Esperar colaboração e apoio dos politicos que foram contra o marco do saneamento, que nunca se importaram com a saúde no Estado, e que nem mesmo asfaltaram a estrada para o Oiapoque, apesar de estarem no poder nos últimos 30 anos, é se tornar um débil adulto que ainda acredita que "na volta, a gente compra".
A classe política está muito interessada nos ganhos pessoais financeiros que essa exploração trará para os seus bolsos, já que eles são donos, diretamente ou indiretamente, através de seus laranjais, de, praticamente, todos os grandes empreendimentos aqui.

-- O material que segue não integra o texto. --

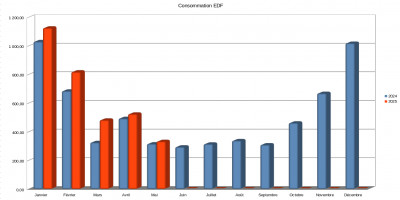 Comparaison 2024-2025 pour la consommation EDF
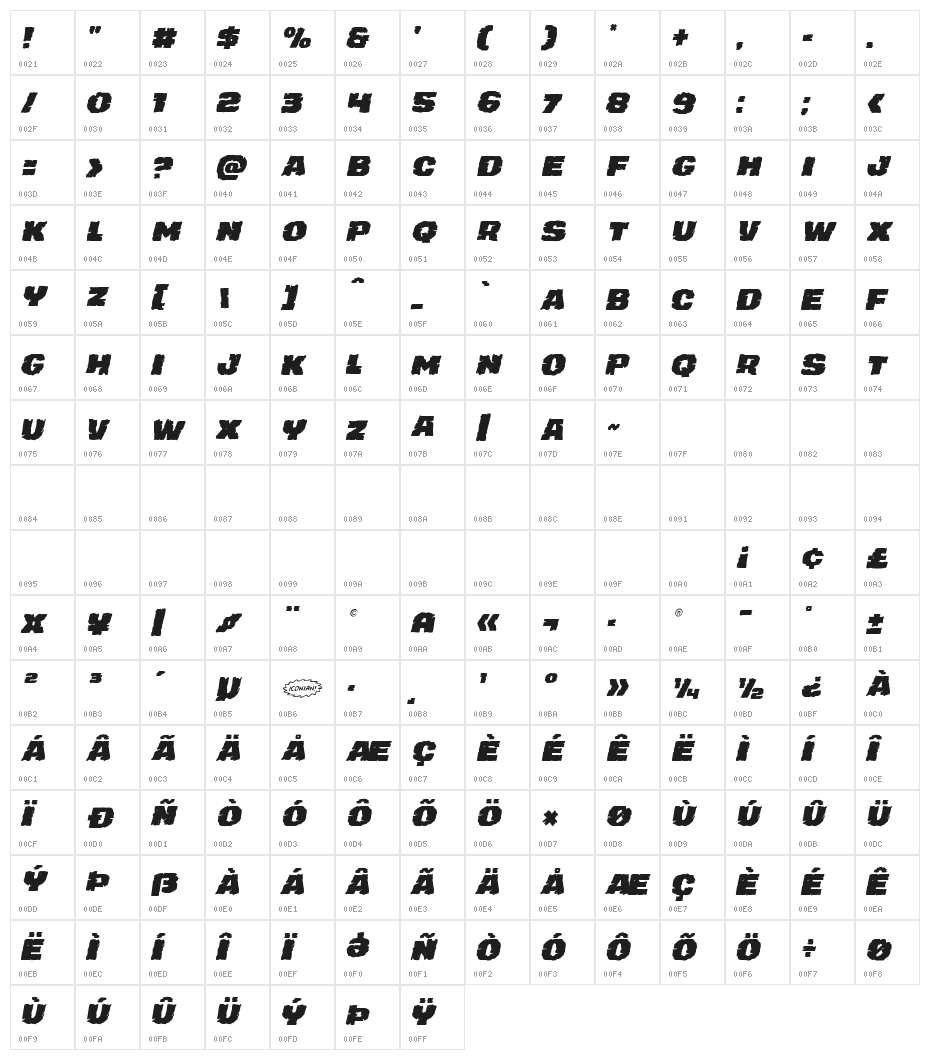 Jugger Rock Staggered Italic Character Map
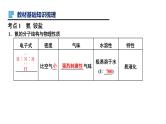 第15讲　氮及其化合物（二）-备战2023年高考化学一轮复习全考点精选课件（全国通用）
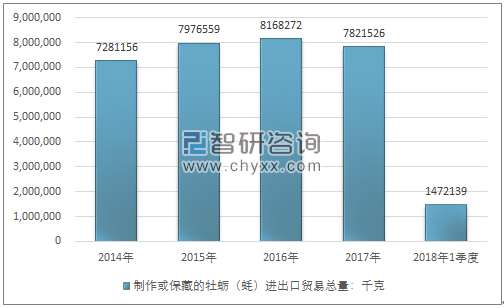 2014-2018年1季度制作或保藏的牡蛎（蚝）进出口贸易总量走势图（单位：千克）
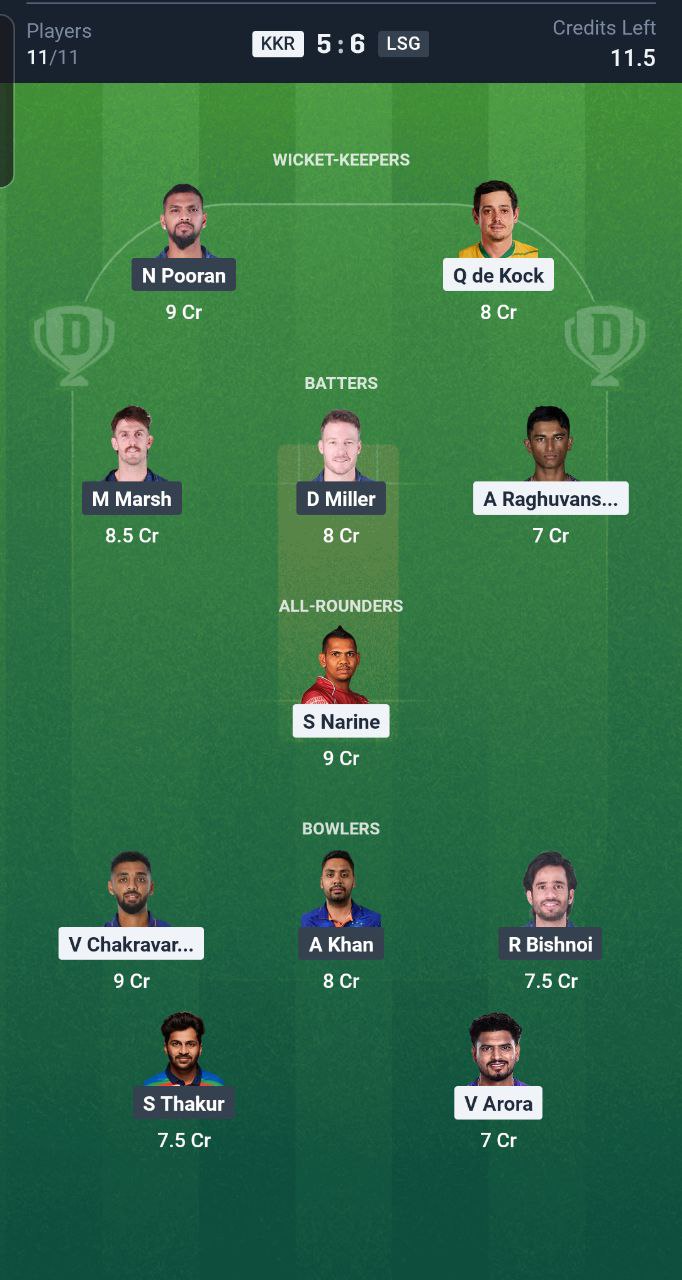 KKR vs LSG Dream XI Team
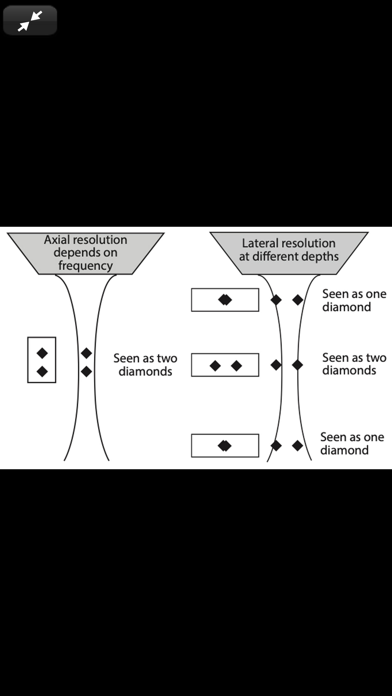 Point of Care Ultrasound Guide Screenshot
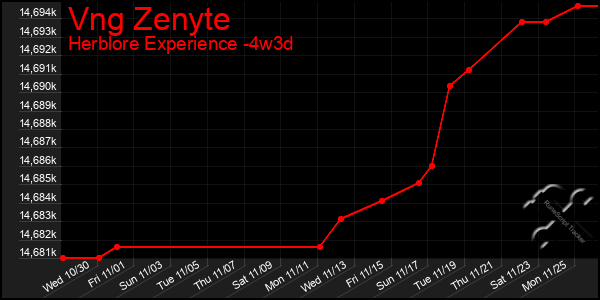 Last 31 Days Graph of Vng Zenyte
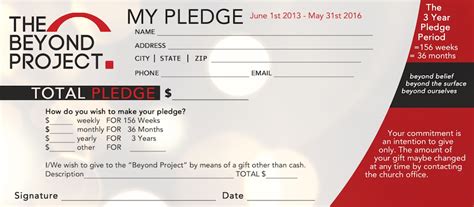 Pledging Donations: Digital Fundraising To Level Up The Game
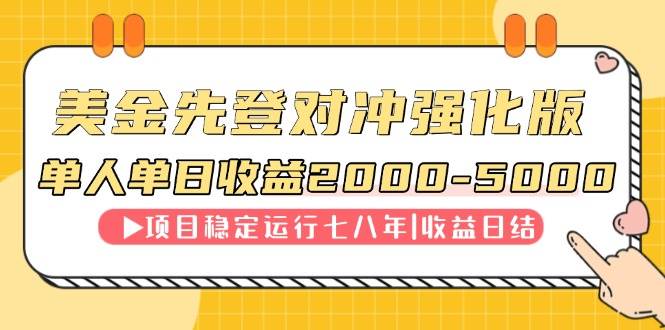 连续8年霸榜日收入第一的项目，每天进账2000-5000块-安索博客网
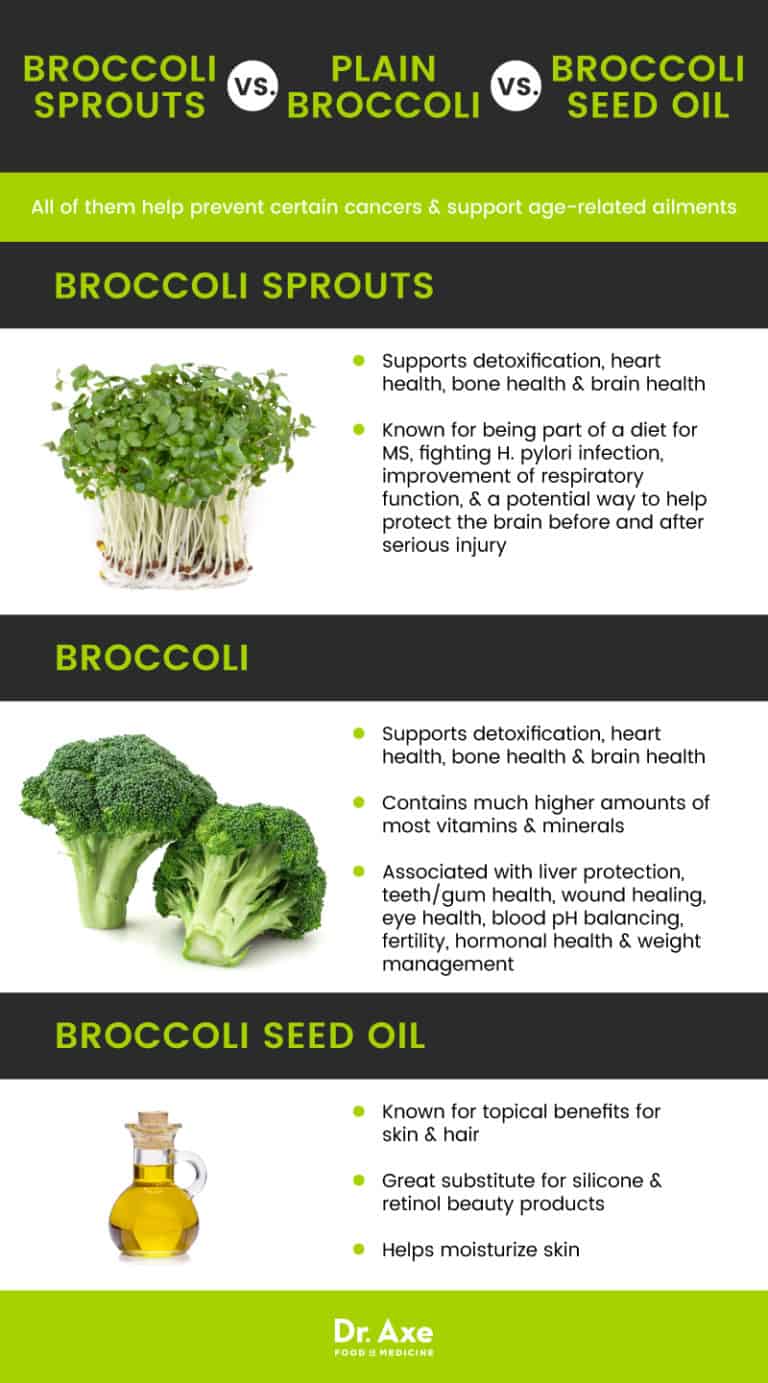“Broccoli: The Cancer-Fighting Superfood You Need in Your Diet”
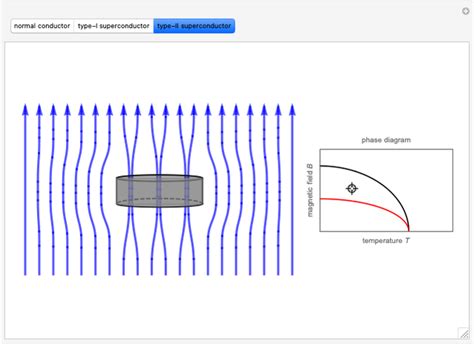 Meissner Effect In Superconductors Wolfram Demonstrations Project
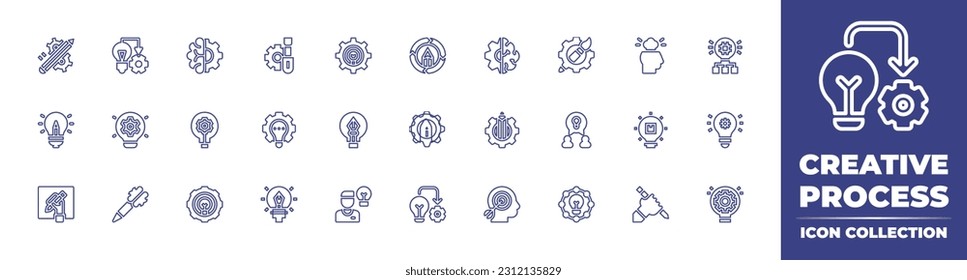 Creative process line icon collection. Editable stroke. Vector illustration. Containing work in progress, implementation, brain, screwdriver, innovation, creative process, paint brush, exploding.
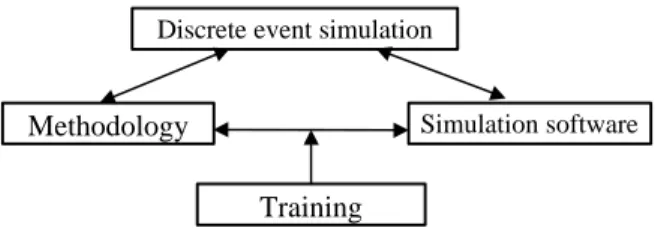 Figure 1: Framework for Pedagogy Development   Howell and Cooke (1989) note that the changes in technology increase the demand on the learner during instruction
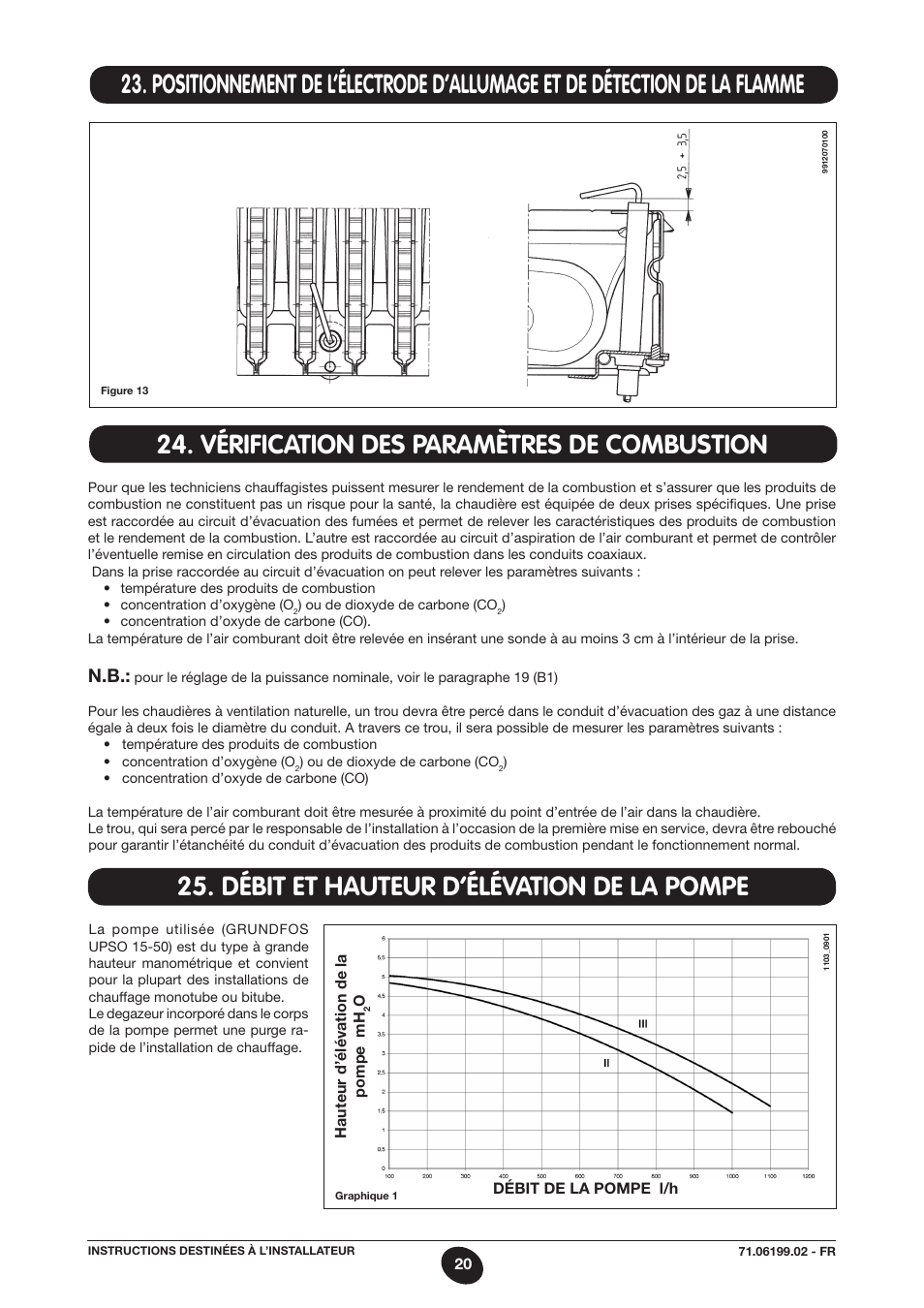 DE DIETRICH MS 24 BIC User Manual | Page 20 / 292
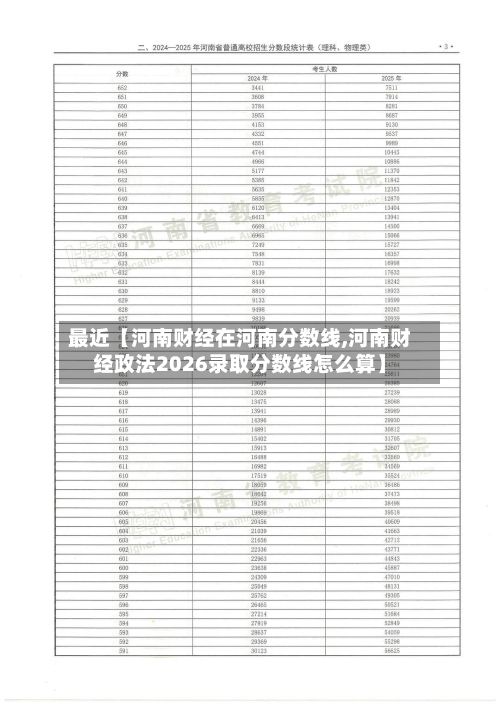 最近【河南财经在河南分数线,河南财经政法2026录取分数线怎么算】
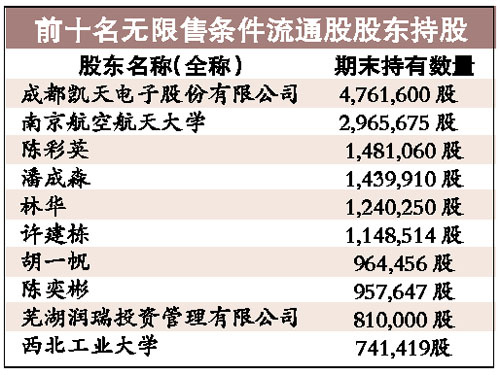 成飛集成，展望2024年重組之路，成飛集成重組之路展望，2024年展望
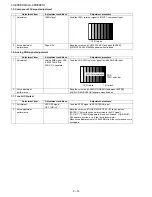 Предварительный просмотр 34 страницы Sharp AQUOS LC-46SE94U Service Manual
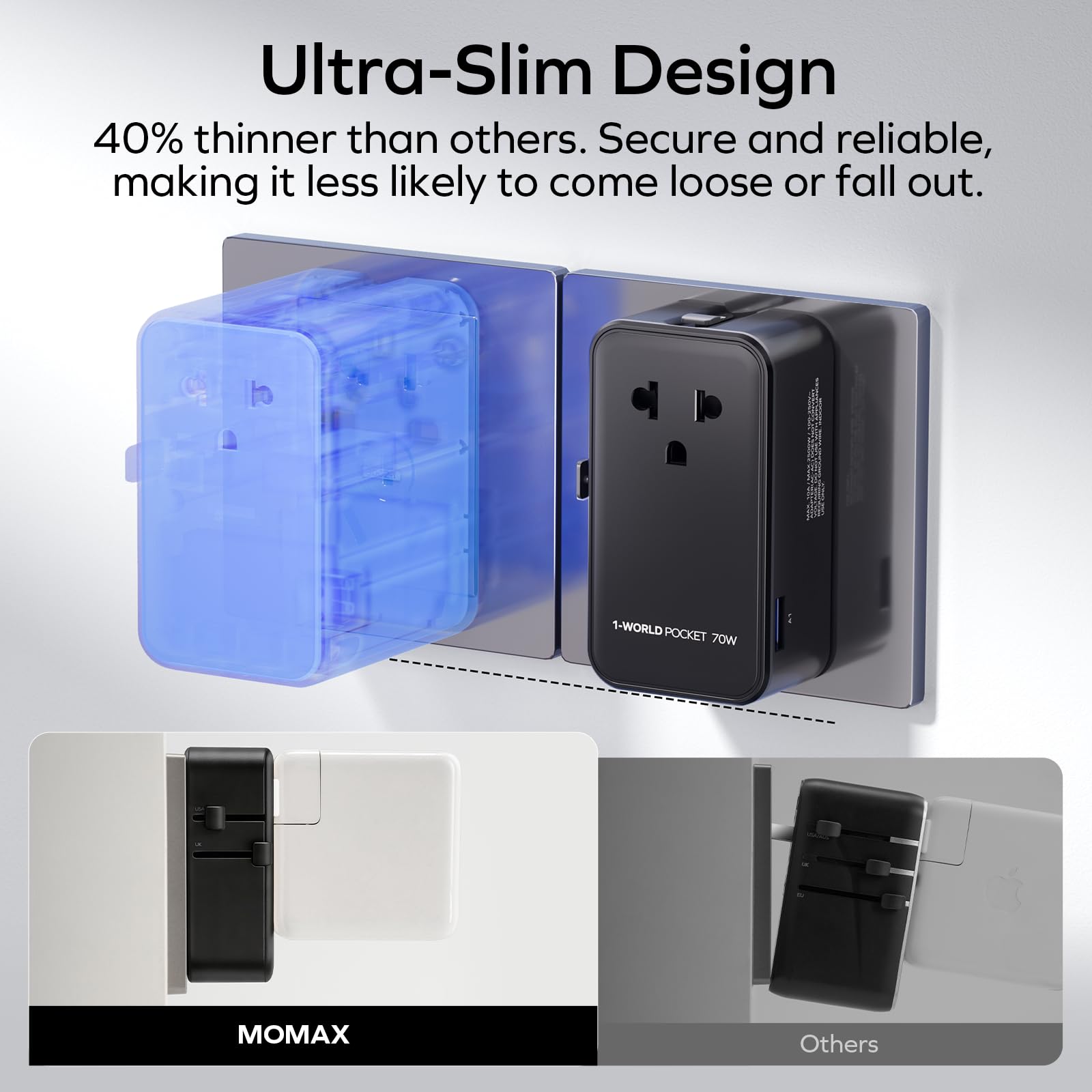 (2026 NEW) MOMAX Universal Travel Adapter, Ultra-Thin 70W GaN International Plug Adapter with 3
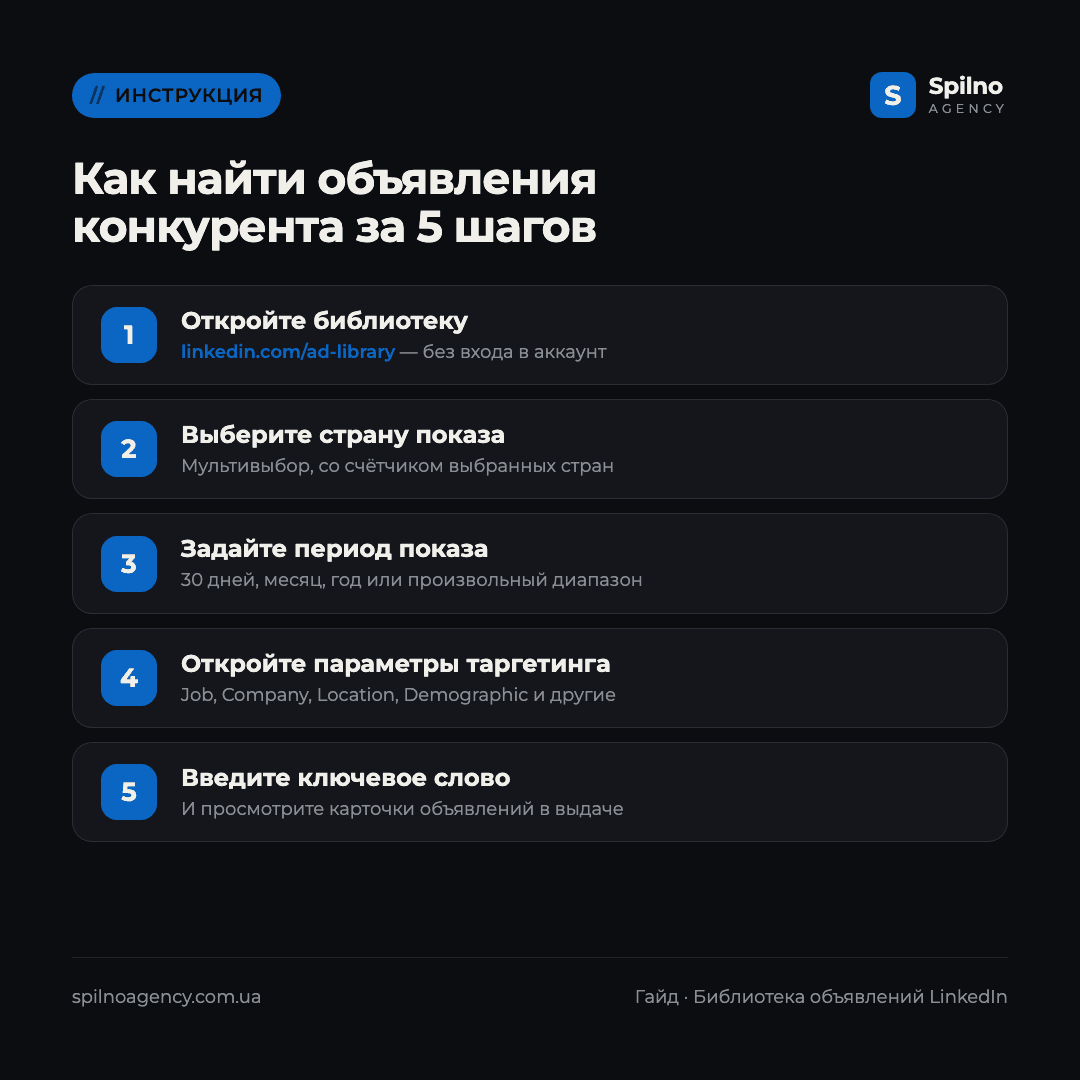 Инфографика: как найти объявления конкурента в Библиотеке объявлений LinkedIn за 5 шагов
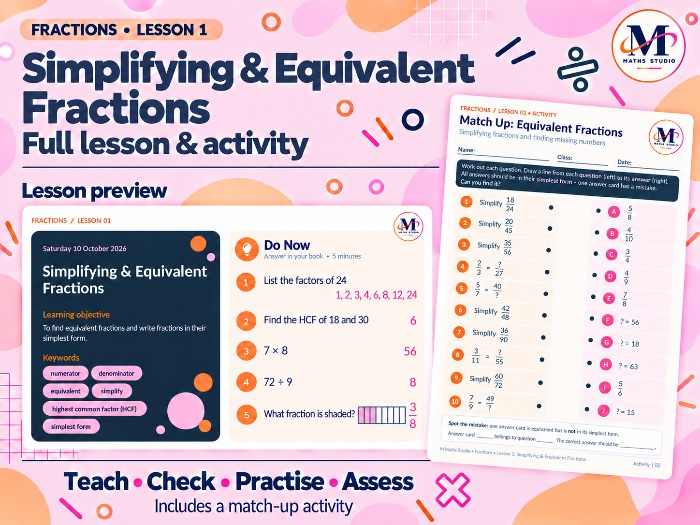 Simplifying & Equivalent Fractions | Lesson & Activity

Mas eles não querem perder o poder, o mandato. E sabem que, se o povo se desenvolver em todos os sentidos através do crescimento social e econômico que virá, eles nunca mais se elegem a nada. E para essa gente, só o dinheiro não é suficiente. O poder se torna o osso mais gostoso de roer e do qual eles jamais vão querer abrir mão.
Portanto, eles precisam ser cobrados e vigiados pelo povo. Não é simplesmente dizer "eu sou a favor", é provar com ações. É pressionar o Governo Federal, e também preparar a infraestrutura e a população para esse crescimento. Há outros Estados lutando pelos interesses do seu povo. E, historicamente, os políticos do Amapá não fazem isso. Se fizessem, não estaríamos no atraso em que estamos, mesmo pisando num dos solos mais ricos e cobiçados do planeta.
Há exceções que nos enchem de esperança. Mas a nossa cobrança tem que ser em cima de toda a bancada estadual e federal. Muitos dirão que "na volta comprarão" mas cabe a cada um de nós avançarmos sem eles, informando a população, estudando, preparando a juventude e convocando o Brasil para essa luta que vai alavancar também a economia da nação.
Somos um gigante, e rico pela própria natureza. Temos uma "vitrine" pronta para ser acessada. Hoje, não somos mais crianças para acreditar que vai existir a volta. O tempo é agora. O povo do Amapá clama e não pode mais esperar.
O petróleo é nosso, e cabe a cada um de nós colocarmos as mãos nele através de uma luta inteligente, consciente, conjunta que vai garantir para nossos filhos e netos a prosperidade que nos foi negada durante quase cinquenta anos.